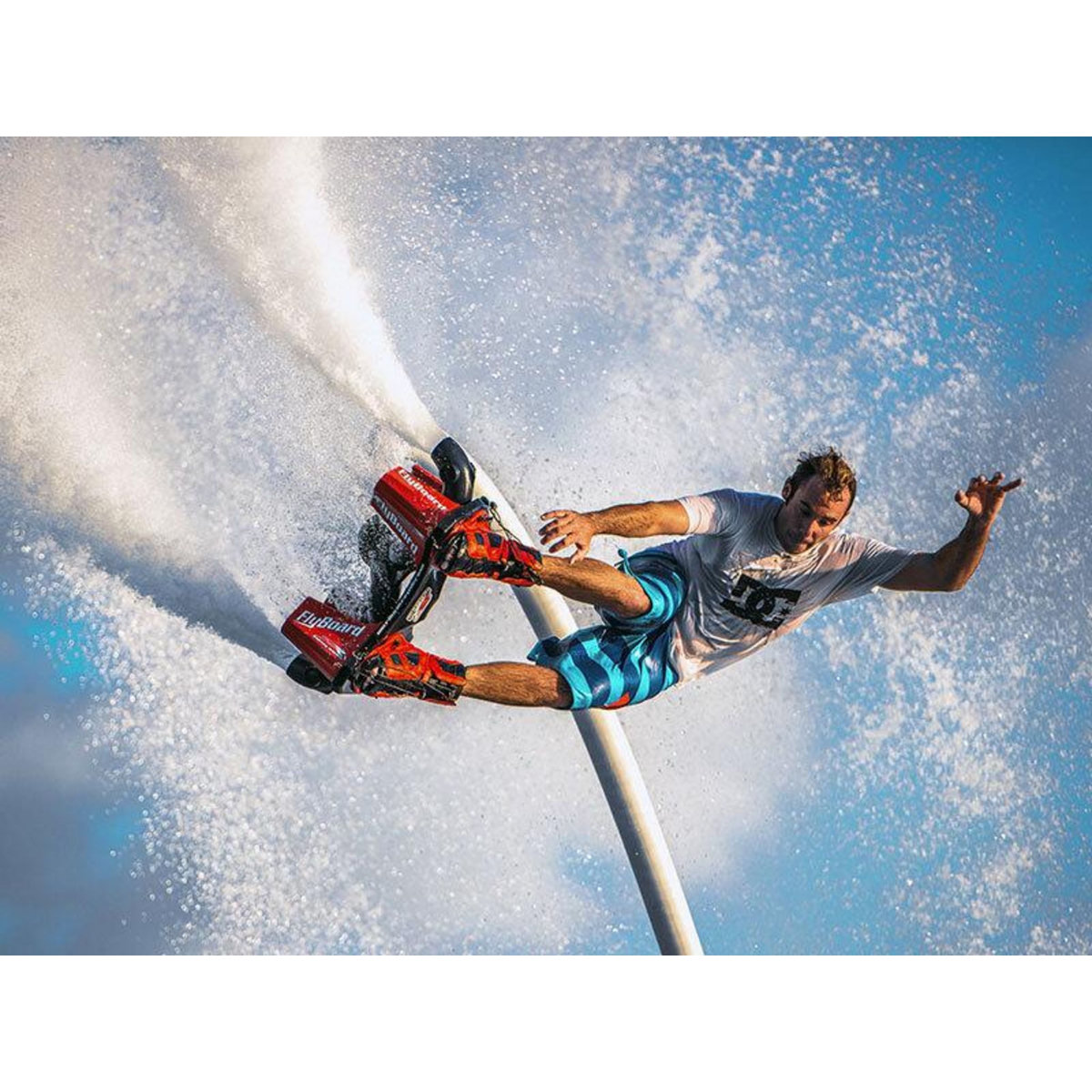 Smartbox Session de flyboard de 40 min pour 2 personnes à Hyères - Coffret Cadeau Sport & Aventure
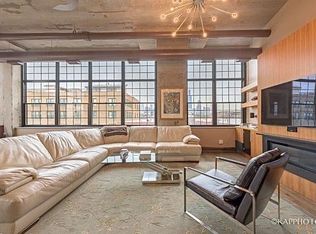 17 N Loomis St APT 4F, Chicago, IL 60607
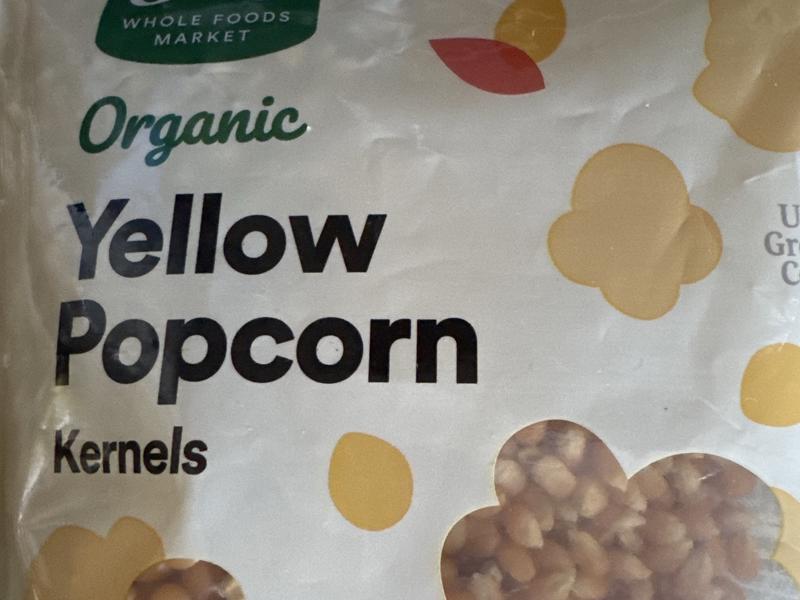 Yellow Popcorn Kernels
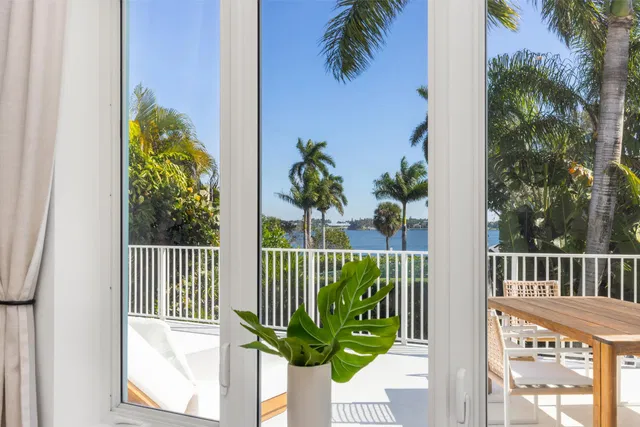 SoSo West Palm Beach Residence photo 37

+ + + + + + +

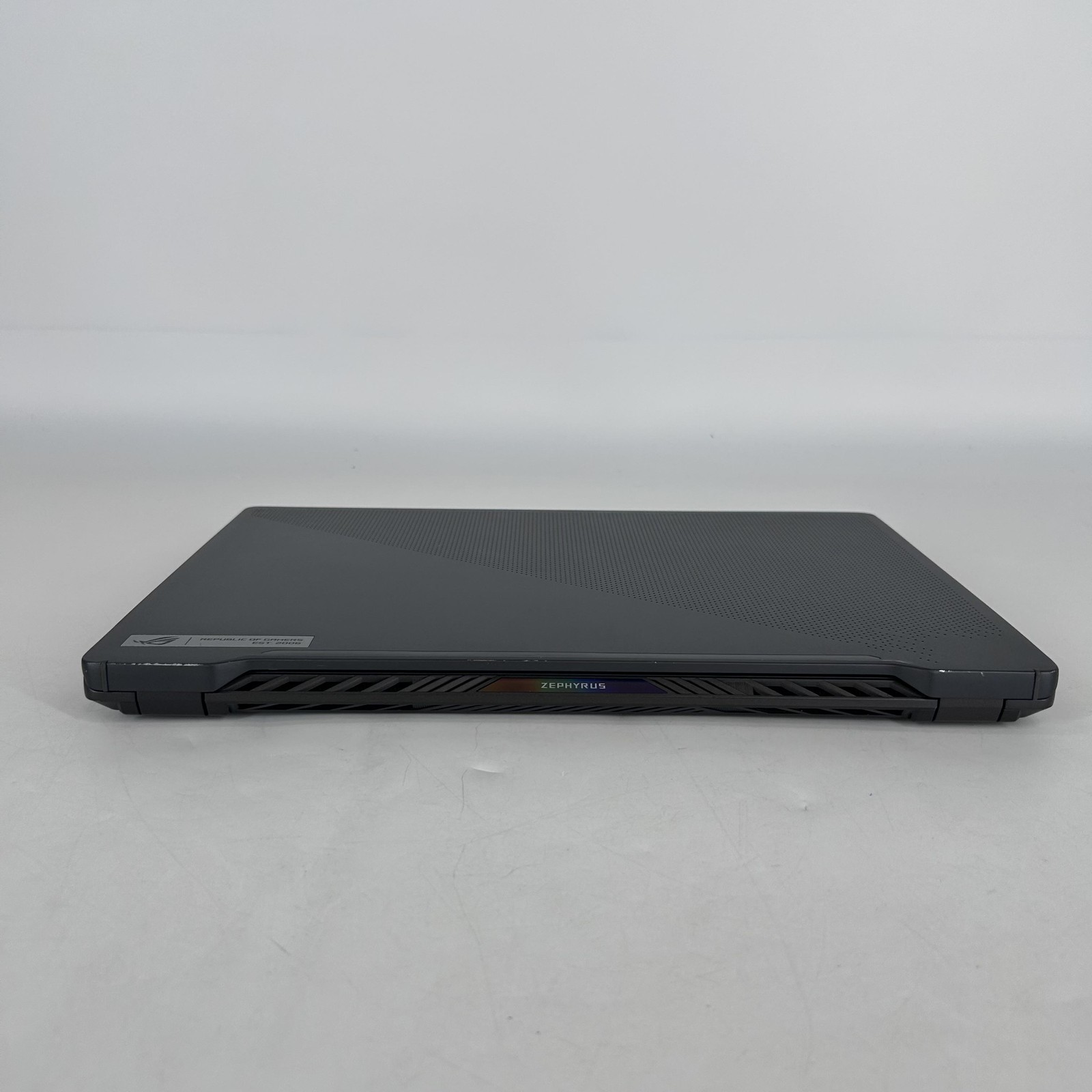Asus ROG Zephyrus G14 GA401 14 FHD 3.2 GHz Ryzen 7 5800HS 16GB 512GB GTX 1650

+ + + + + + +

- **THE PROBLEM**
From the material above, give again exactly the lines from the one that contains "17 N Loomis St APT 4F, Chicago, IL 60607" through the one that contains "SoSo West Palm Beach Residence photo 37", and leave out the pictures.

- **ANSWER TO THIS PROBLEM**
 17 N Loomis St APT 4F, Chicago, IL 60607
 Yellow Popcorn Kernels
 SoSo West Palm Beach Residence photo 37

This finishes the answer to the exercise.